━━ Data shown
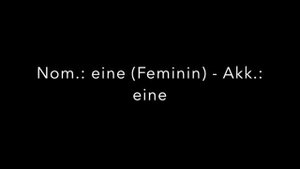 Глагол "haben" в немецком языке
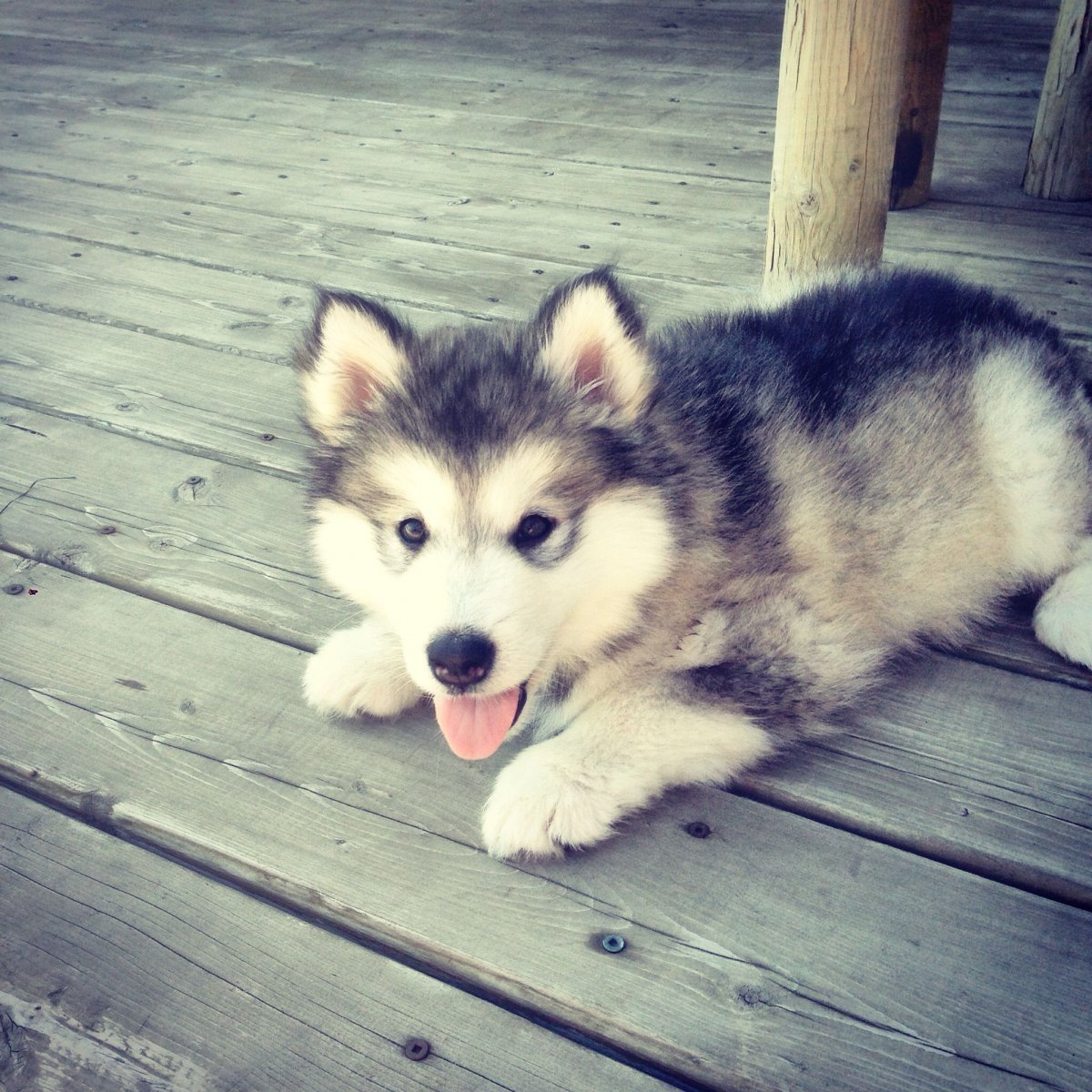 Аляскинский маламут щенок пушистый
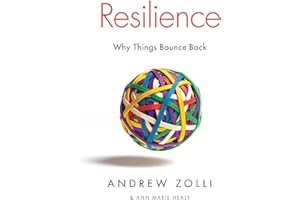 Resilience: Why Things Bounce Back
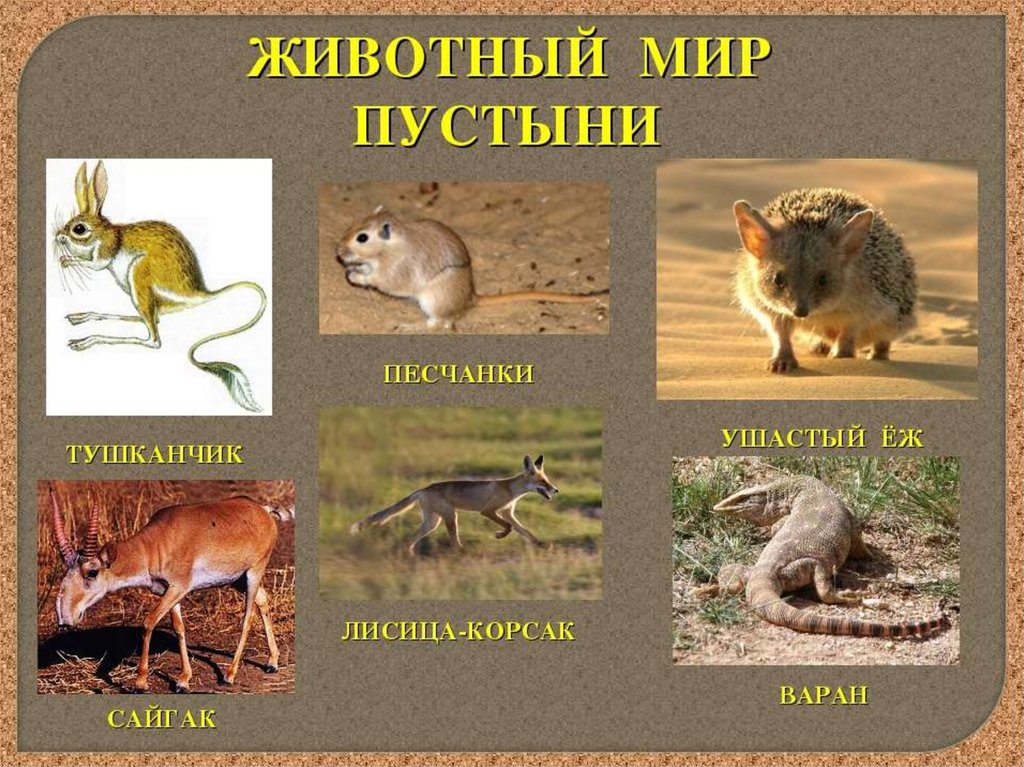 Обитатели пустыни россии. Пустыни. Животный мир. Обитатели пустыни животные. Пустыня животные и растения. Животные мир пустыни.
━━━━
_Task to complete:_ Exclude all pictures and reproduce verbatim the lines running from the line that contains "Resilience: Why Things Bounce Back" to the end of the data above, both ends included.

_Answer to this task:_
 Resilience: Why Things Bounce Back
 Обитатели пустыни россии. Пустыни. Животный мир. Обитатели пустыни животные. Пустыня животные и растения. Животные мир пустыни.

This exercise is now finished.